Dramatic images of the training of baby elephants for the circus have been released after a former trainer had a change of heart.

Photos of 18- to 24-month-old calves chained, forcibly separated from their mothers, pulled and prodded with sharp hooks and even the use of an electric prod show training at the Ringling Bros Circus in America.

Up to four handlers at a time tugged hard on ropes to make babies lie down, sit up, stand on two legs, salute, do headstands: the usual circus tricks which trainers say are taught through kindness.

Elephants chained The ‘whistleblower’ is former elephant handler Sam Haddock, who worked in the circus industry from 1976 and at Ringling's Center for Elephant Conservation, a breeding and training center, in Florida, off and on between 1997 and 2005. His photos and 15-page statement, provided to PETA, reveal what circuses try so hard to keep hidden.

Before his wife, Millie, died in 2007, she asked him to promise to “do the right thing" in exposing the cruelty he not only witnessed, but took part in. Haddock’s statement admits his own part in the abuse of elephants: the use of an electric prod on an elephant in 1997 (saying he “fried him for about ten minutes”) and the beating of another elephant with a bullhook for 15 minutes the following year.
Elephant doing headstand
Ringlings continues to defend its treatment of animals. Head trainer Gary Jacobson, who features in many of the photos, claims: "These are classic pictures of professional elephant-training … This is the most humane way."

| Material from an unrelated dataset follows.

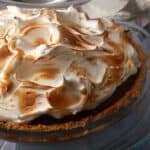 A s'mores pie under a cake dome.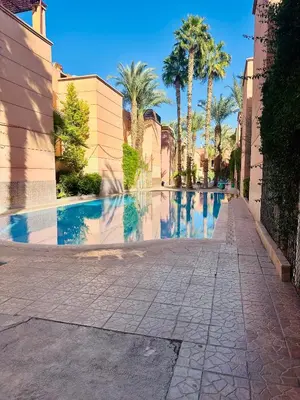 a swimming pool with palm trees on a street at Lina Stay Riad Alkaria Assiyahia in Marrakech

Sam Haddock’s statement discusses the separation of mother and calf: "When pulling 18-24-month-old babies, the mother is chained against the wall by all four legs. Usually there's 6 or 7 staff that go in to pull the baby rodeo style. ... Some mothers scream more than others while watching their babies being roped. ... The relationship with their mother ends."

Gary Jacobson’s view is strikingly different: "I separate them slowly now. … When you separate the calves, they thrash around a bit. They miss their mother for about three days, and that's it."

Sam Haddock died in November 2009, before the true extent of his revelations could be shown. It is thanks to the bravery of Sam and his wife that the world now knows how baby elephants are trained for the circus.